PAHs and APAHs are heterocyclic compounds with only carbon and hydrogen atoms in their molecular structures. APAHs are alkyl derivatives of parent PAHs. When compared to parent PAHs, APAHs comprise a relatively large fraction of the total number and mass of PAHs found in crude oil and crude-contaminated marine organisms. PASHs are heterocyclic compounds with carbon and hydrogen in which one or more carbon atoms are replaced by sulfur atoms. Sulfur is the principal heteroatom in coal, crude oil, tar, and their by- products. Some PASHs have shown similar mutagenic and carcinogenic potential to PAHs.
7. If funding were not an issue, what would you add to your GoMRI-funded projects?
Time. During the first two years of the project, we developed and validated the new methodology for HMW-PAHs, APAHs, and PASHs with the aid of standard reference materials from the National Institutes of Standards and Technology. We are now in a unique position to interact with other scientists involved in GoMRI. Our ability to track down specific isomers in complex environmental extracts could provide unique insights to understand the environmental impact of the DWH accident. Since not much is known on the long- term effects of these pollutants in the ecosystem, it is our hope to establish long-term interactions that go beyond the three-year duration of this project.

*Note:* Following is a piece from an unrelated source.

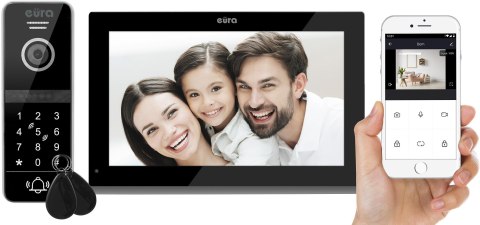 WIDEODOMOFON EURA VDP-97C5 czarny, lcd 7", wi-fi, czytnik zbliżeniowy, Tuya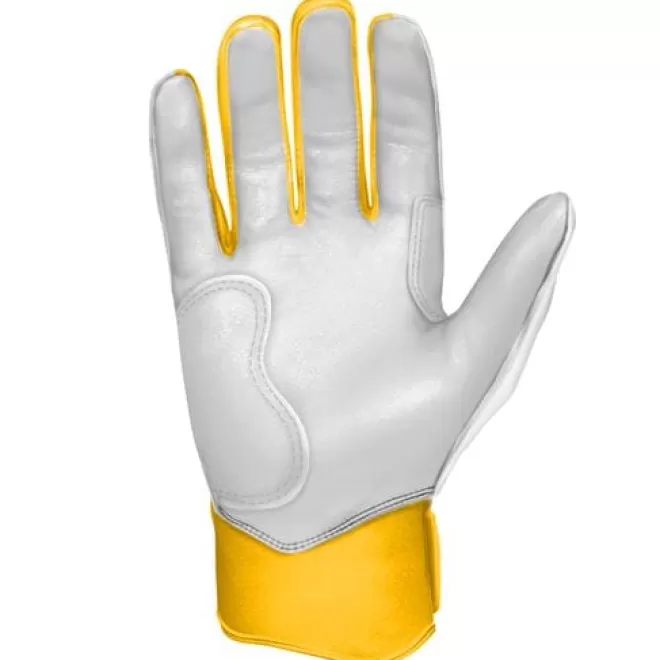 Clearance CHROME Series Short Cuff Batting Gloves White | Yellow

8. Can you describe your interactions with other GoMRI researchers?
The analysis of samples from the Gulf of Mexico through collaborations with scientists involved in GoMRI is an exciting component of our proposition. We have initiated a collaboration with Dr. Behzad Mortazavi and researchers from the Alabama Center for Ecological Resilience (ACER) consortium to analyze sediment cores collected at the Chandeleur Islands. We expect to do the same with water samples that will be collected this summer by Dr. Tracey Sutton and researchers from the Deep Pelagic Nekton Dynamics of the Gulf of Mexico (DEEPEND) consortium. We are seeking collaborations with researchers interested in the analysis of marine organisms as well.